■ Task statement ■
Quote all lines below exactly. Images stay out.

■ Data extract ■
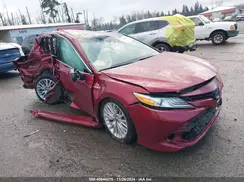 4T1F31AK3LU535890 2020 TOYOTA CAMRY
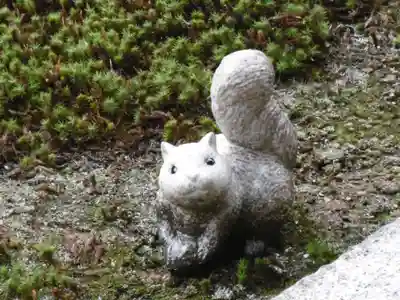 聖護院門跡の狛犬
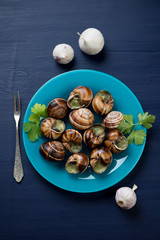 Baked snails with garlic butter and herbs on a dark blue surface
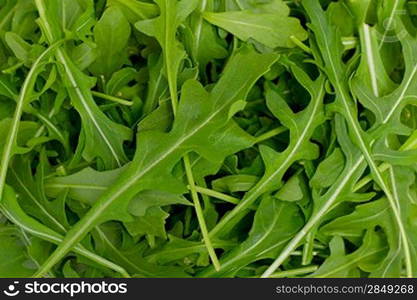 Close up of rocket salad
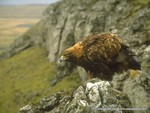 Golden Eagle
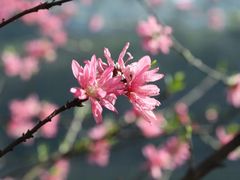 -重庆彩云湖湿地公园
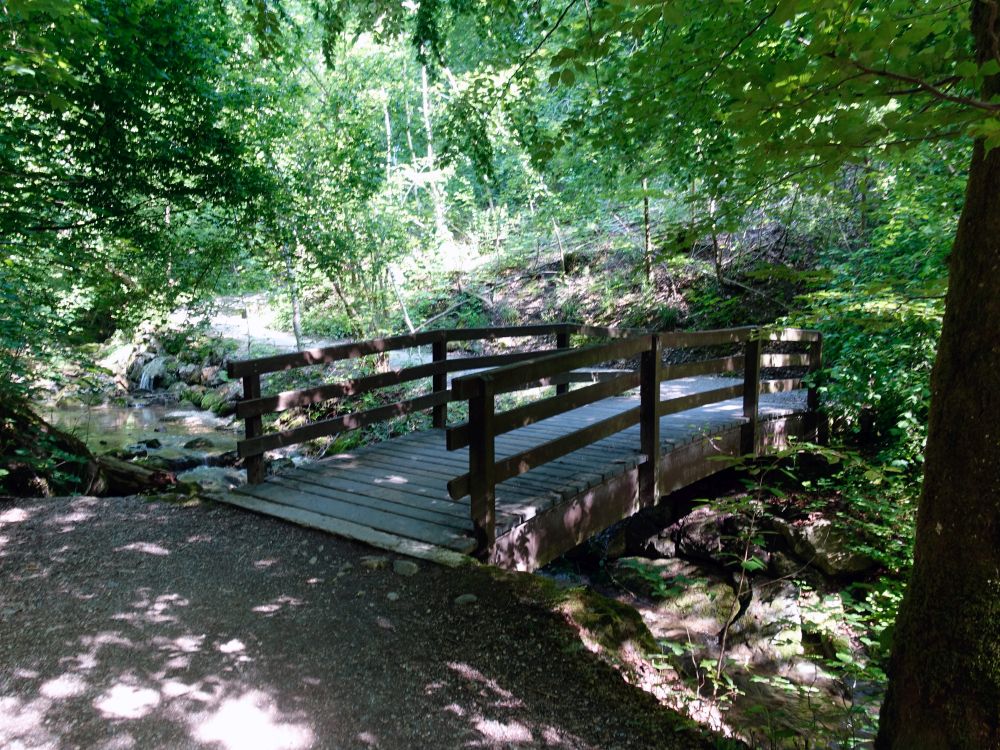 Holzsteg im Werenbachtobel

■ Expected answer ■
 4T1F31AK3LU535890 2020 TOYOTA CAMRY
 聖護院門跡の狛犬
 Baked snails with garlic butter and herbs on a dark blue surface
 Close up of rocket salad
 Golden Eagle
 -重庆彩云湖湿地公园
 Holzsteg im Werenbachtobel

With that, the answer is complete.